WHAT YOU NEED TO DO: Print out each entry below in full, exactly as given, excluding pictures.

INPUT MATERIAL:
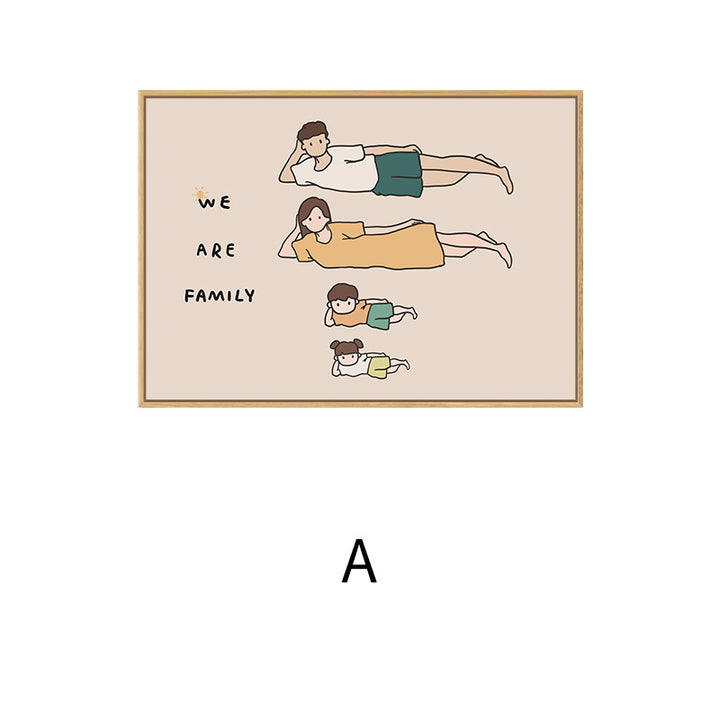 Family-Themed Framed Wall Art
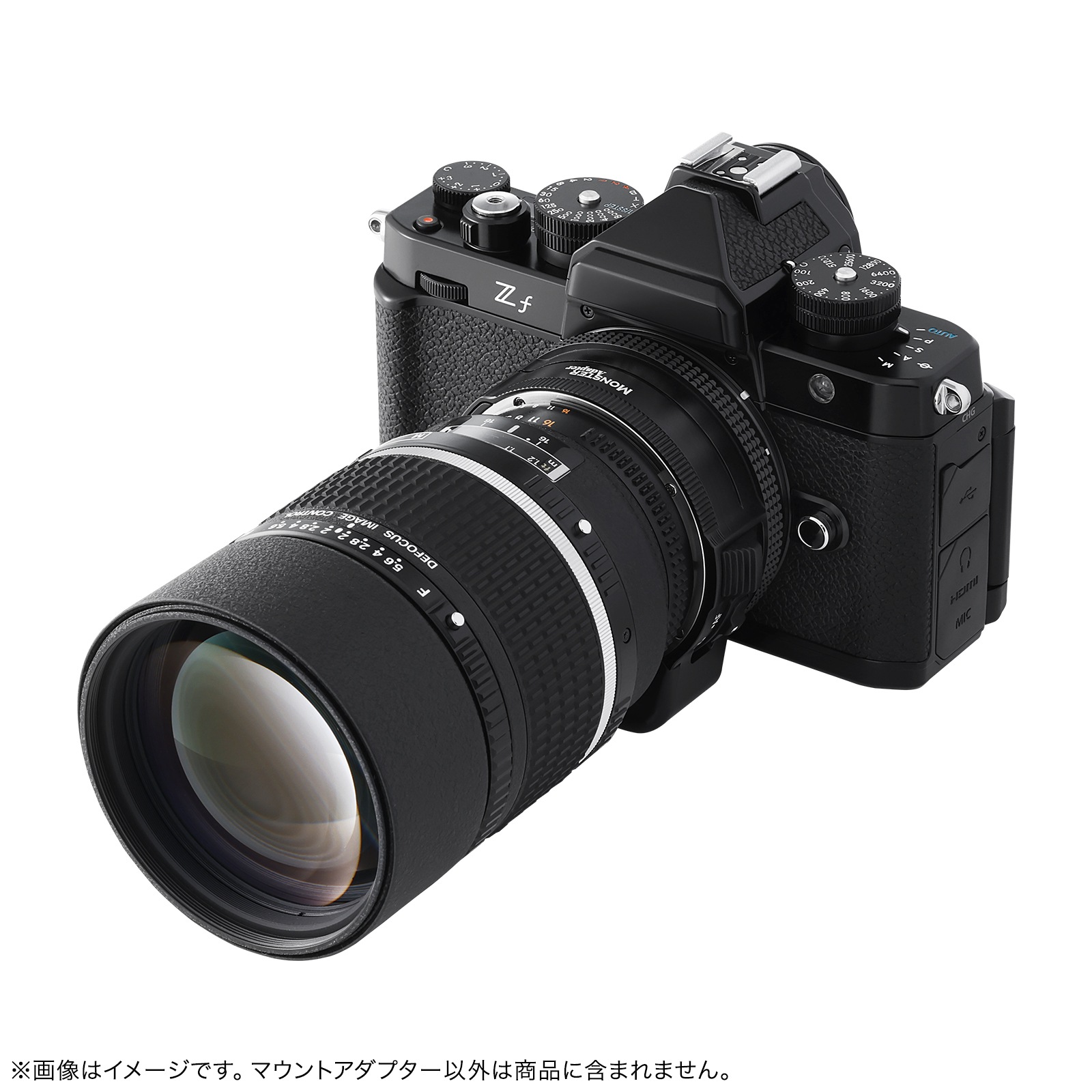 MonsterAdapter LA-FZ1ʥ˥Fޥȥ  ˥ZޥѴŻҥޥȥץ AE/AFƲǽ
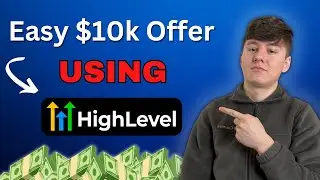 Use This Easy & Sticky Offer With GoHighLevel!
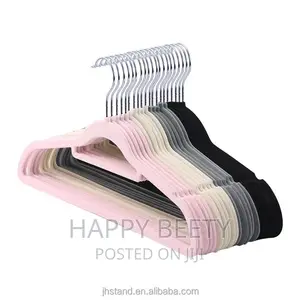 Velvet Anti-Slip Hangers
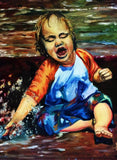 Personalized Oil Painting From Photos, handcraft art on Canvas-Show Case QJK101597-48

RESULT FOR THIS TASK:
 Family-Themed Framed Wall Art
 MonsterAdapter LA-FZ1ʥ˥Fޥȥ  ˥ZޥѴŻҥޥȥץ AE/AFƲǽ
 Use This Easy & Sticky Offer With GoHighLevel!
 Velvet Anti-Slip Hangers
 Personalized Oil Painting From Photos, handcraft art on Canvas-Show Case QJK101597-48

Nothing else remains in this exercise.